A nerd might have a question: Doesn't a currency appreciation affect a country's exports as it makes them more expensive in international markets?
That's right, exports got more expensive, so one of the main victims of the reverse currency war are the exporters themselves. Looking at the United States as the first country that started that war, we will find that American exporters are between a rock and a hard place because of the strength of the dollar. Even companies that depend on foreign sales will be losing part of their final profits.
How is that?
For two reasons:
The first reason: a strong dollar reduces foreign revenue when translated back into dollars.
The second: it makes their products in international markets less competitive because they have become more expensive, which leads to a decrease in demand/consumption.
Gina Martin Adams, director of equity strategy at Bloomberg Intelligence's advanced research unit, said about 35% of US companies have a significant portion of their revenue coming from abroad and therefore a strong dollar has a financially negative effect on their dividends.
One of the largest technology companies in the United States is one of them as it has complex global deals and it also makes more than a third of its sales outside the United States. Therefore, we have seen some American companies over the past few days complaining about the appreciation of the dollar.

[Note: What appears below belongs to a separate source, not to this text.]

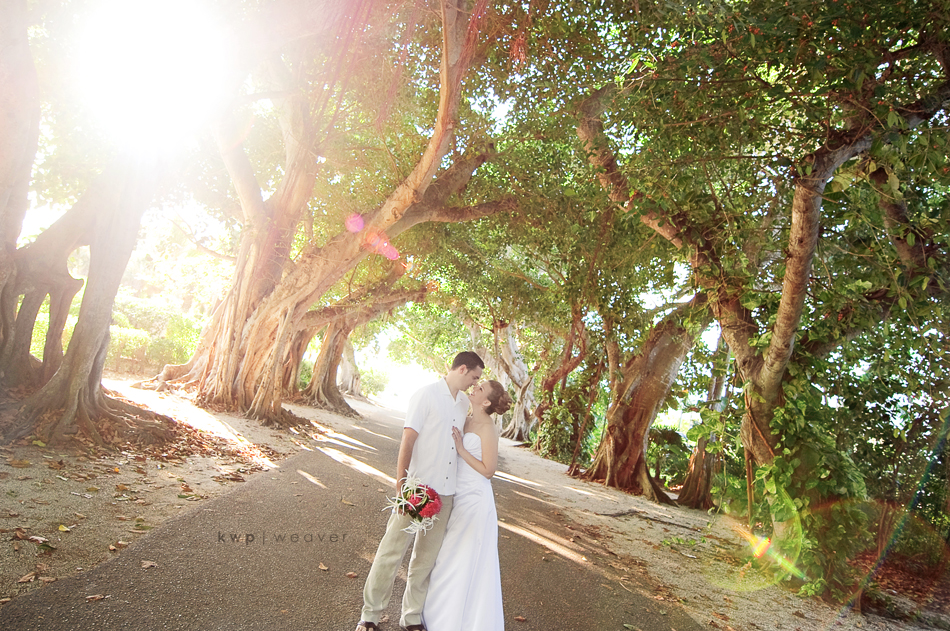 weddings photography weddings photography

Microsoft, for example, has accused the rise in the dollar's value of affecting its profits, the same for biotech company Biogen and retail giant Costco and others.
The question now is why.
If corporate profits are affected by the rise in the value of the dollar, why is the value of the dollar raised against the exporters interest? The answer is simply that it has a greater and more important interest than the interest of exporters, which is to enhance the purchasing power of the whole nation in light of the high cost of everyday needs [from fuel to food to equipment, etc...].
This is not to mention the disruptions in the supply chains and the inability to export all production. Exporters have to take their lot in the crisis. Apart from the exporters' crisis, as we say, the central banks of the major economies seem to have entered into an anti-currency war and started competing with each other over who should go the mile further.
Yet, if the situation remains unchanged, we will witness high pace fluctuations in the value of the dominant currencies thereby the burden of inflation will be shifted to other countries that may not be able to play this perilous game with major economies.